There is a lot of fine-tuning to do with my food protocol, like pH balance... but I'll address those in future posts. Right now I'm busy battling the Dragon named Sugar.



  1. Hi Darius,

    If I may, re: hidden soy products, what are the foods on your shopping list that contain them? Similarly, besides the foods that you mention, where are you getting sugar in your diet?


  2. Mike, sugary foods that are not on my list but are hard to resist, are things like ice cream or donuts, or deciding I want something sweet and there's nothing in the house so I make rice pudding (or shortbread cookies, biscotti, etc.)

    Hidden soy examples from my pantry: The can of kidney beans contains "natural flavorings"; the Bragg's ginger and sesame salad dressing has all organic ingredients except xanthum gum which is often grown on soy... and the Bremner wafers (my favorite cracker for cheese) has "enzymes" which are usually made from soy.

    I'm trying not to have any packaged or prepared foods in my grocery cart!

  3. Wow...sounds just like me. That sugar habit is EXTREMELY HARD...especially if it contains chocolate. I keep telling myself, "in moderation". But then moderation seems to turn into a whole batch of whatever it is-until it's all gone.

    I'm not even sure if I could convince myself to go "cold turkey"...the thought just makes me cringe. (Sounds like a bit of an emotional addiction as well as the physical, eh?)

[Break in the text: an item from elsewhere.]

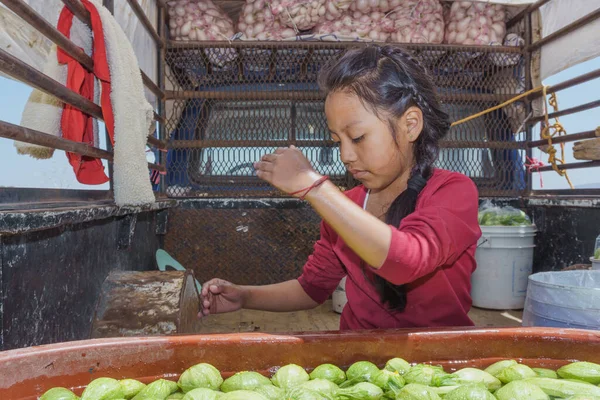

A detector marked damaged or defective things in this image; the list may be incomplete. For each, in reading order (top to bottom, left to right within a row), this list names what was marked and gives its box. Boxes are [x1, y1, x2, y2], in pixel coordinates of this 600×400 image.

rusty metal surface [165, 41, 528, 198]
rusty metal surface [164, 199, 322, 286]
rusty metal surface [1, 328, 600, 400] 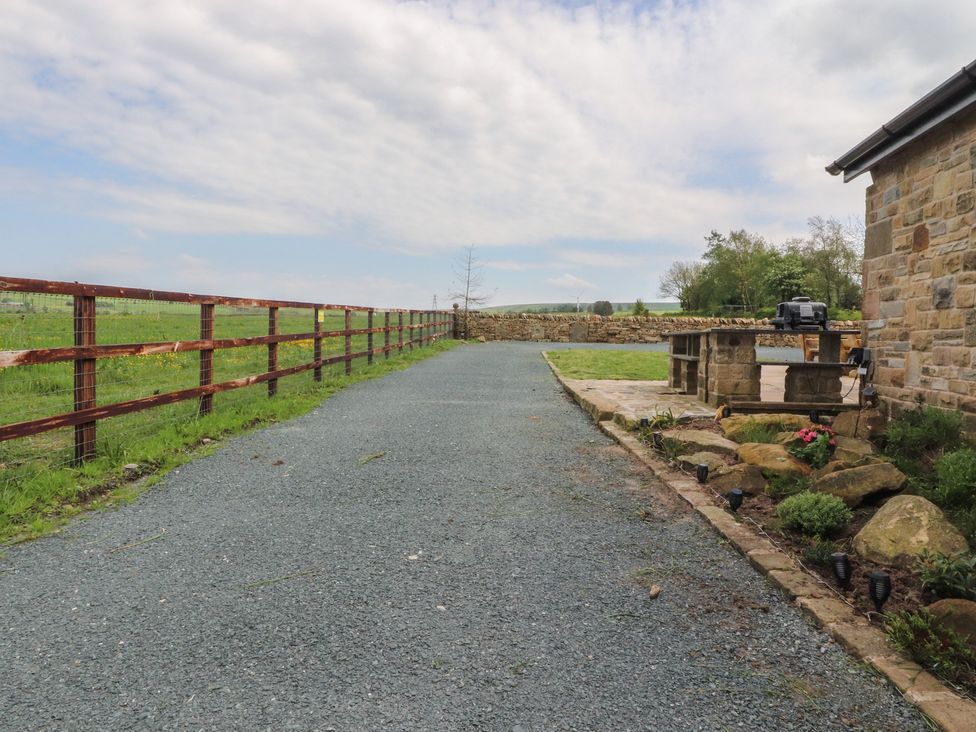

    So, I certainly do identify with you! (And something inside me keeps saying there must be some other way!!!!!) :(

    Leah's Mom

  4. Sue, When I switched to eating just a 1/4 of a square of an 85% cocoa bar at bedtime, I didn't get the same cravings as when eating highly sweetened chocolate.

  5. I am struggling with sugar addiction as well as many food sensitivities. When I followed the SCD diet (specific carbohydrate diet) in 2002 for a couple of years it taught me a lot about our food supply and hidden ingredients at least. I still haven't found the ideal eating plan, but I just wanted to say that I enjoy all of your posts; they provide a wealth of knowledge and inspiration. Please keep us posted on your food struggles too ... as I find them highly relatable.